Selecting a major, even if it is not your final, future choice, can help show the college what you’re interested in pursuing. This is especially the case if you’re considering a very specific program that is difficult to get into.
Some Schools Require Your Intended Major
Some colleges and universities will actually require you to declare a major on your application. While it doesn’t have to be your final choice, they at least want to see where you intend to head.
This system will also help them set up freshman orientation. Some colleges group freshmen according to their intended major, so if you put down English on your application, you will be with other English majors during those first days at the school.
At Other Schools, It Won’t Matter
While some schools require your intended major ahead of time, some colleges actually won’t give your declaration or lack thereof a second glance.
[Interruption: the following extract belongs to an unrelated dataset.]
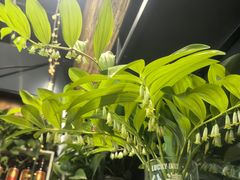 -遇见小院—虹鳟鱼•农家菜(怀柔店)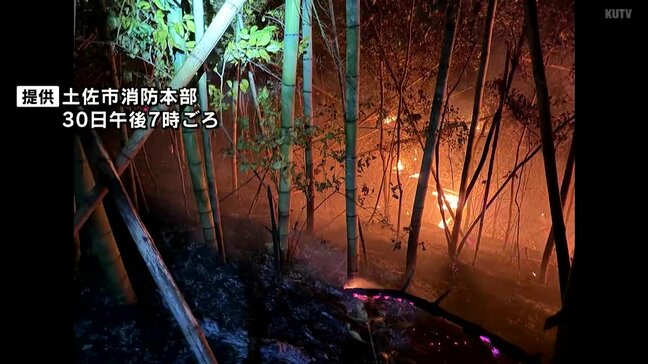 高知県土佐市の山林火災“鎮圧”状態に…“鎮火”に向けて今も消火活動　1月30日に発生|TBS NEWS DIG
They are more concerned about you as a person, rather than your intended major.
If you’re considering putting down “undeclared,” do some research into the college or university’s application process first.
You Can Always Change it Later
Whether you have to declare your major or you just feel it would benefit your chances, know that your declared major on your application is not written in stone. There will be options and ways for you to explore other majors and studies down the road. If you do write undeclared, most schools will ask for you to declare it by the start of your Junior year.
There may be obstacles to overcome though if you decide to change your major later on. Some scholarships or programs may be solely for your original major, for example. If you make a radical change of path, your school may not even offer your new intended major, requiring you to transfer schools. And if you decide to change your major later into your college career, especially during your junior year, you could be attending classes past four years. If you’re between two majors, ensure you’re doing your research ahead of time so you can help ensure you avoid these problems.
Whether placing “Undeclared” as a major on your application will help or hurt you depends on the particular college you’re applying to. It’s never a bad idea to at least write something down, but do some more research into your intended school before you complete the paperwork.